The Rabelaisian part of Argan, the moneybags hypochondriac originally acted by the playwright himself, goes to Mark-Linn Baker, a funny man of vast experience and seasoned gravitas who began honing his Molière while still in training at the Yale Drama School over four decades ago. For competition, he has the porcelain beauty Annaleigh Ashford, fresh off her vaudevillean Mrs. Lovett in the Broadway revival of Sweeney Todd. As the maid Toinette, Ashford will be knocking herself out to save Argan from himself, going so far as to impersonate a bossy physician—thereby anticipating Mozart’s Così fan tutte by more than a century.
The scenario involves the usual commedia dell’ arte suspects: as the textbook tyrannical father, Argan has a rebellious daughter to lock horns with, not to mention a grasping merry widow-in-waiting, and con artists of many stripes. To think that while he was sending up the quacks of France, Molière was dying of tuberculosis, and that he collapsed at the fourth performance, dying hours after! Autumn’s in the air. The satire bites hard.

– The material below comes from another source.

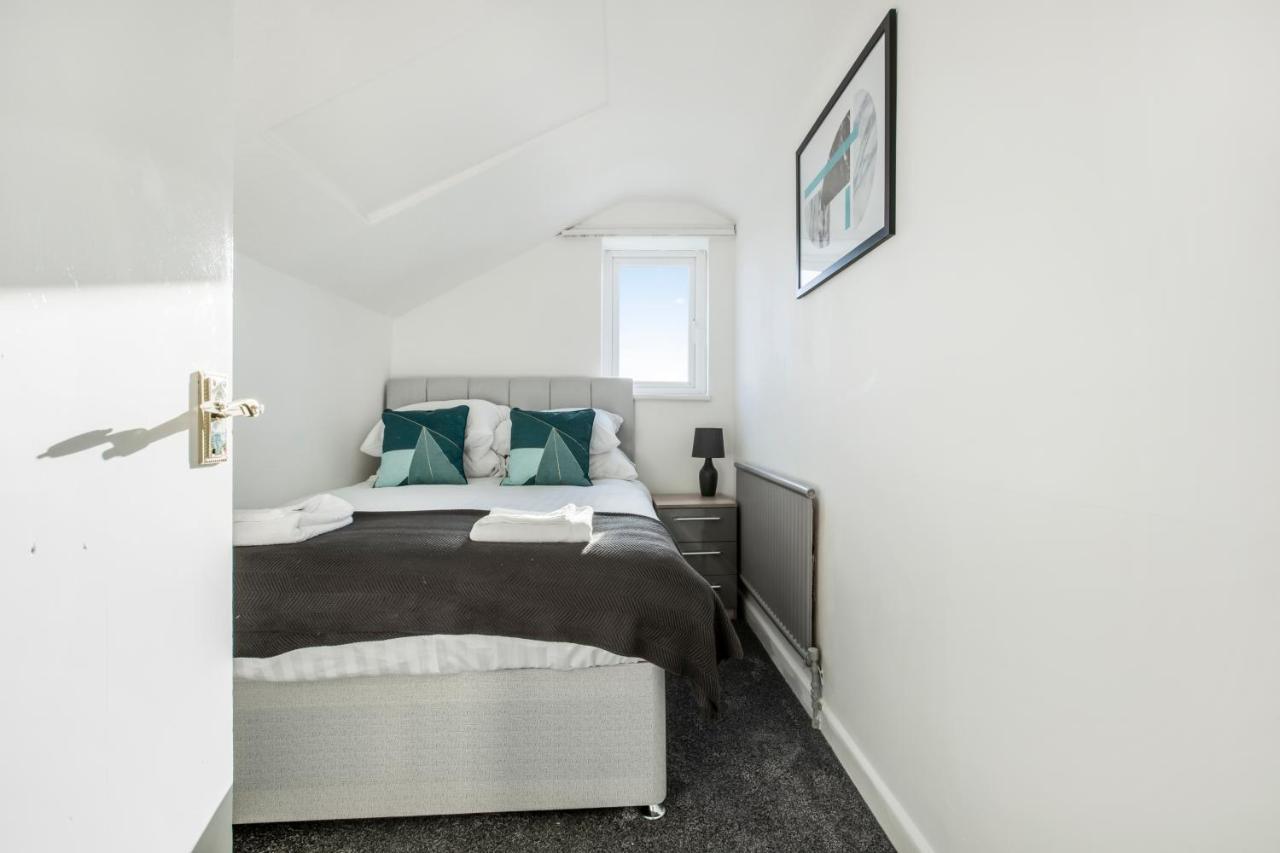 Staycation By Sasco * Blackpool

A word on language. The cut-crystal couplets of such Molière masterpieces as The School for Wives, The Misanthrope, andTartuffe pose gnarly challenges. The Imaginary Invalid, however, is written in prose. For Jeffrey Hatcher, who has adapted such classics as Goldoni’s Servant of Two Masters and Gogol’s Government Inspector, this assignment should be a piece of cake—except for the mock Esperanto songs in the finale, which are best left just as they are.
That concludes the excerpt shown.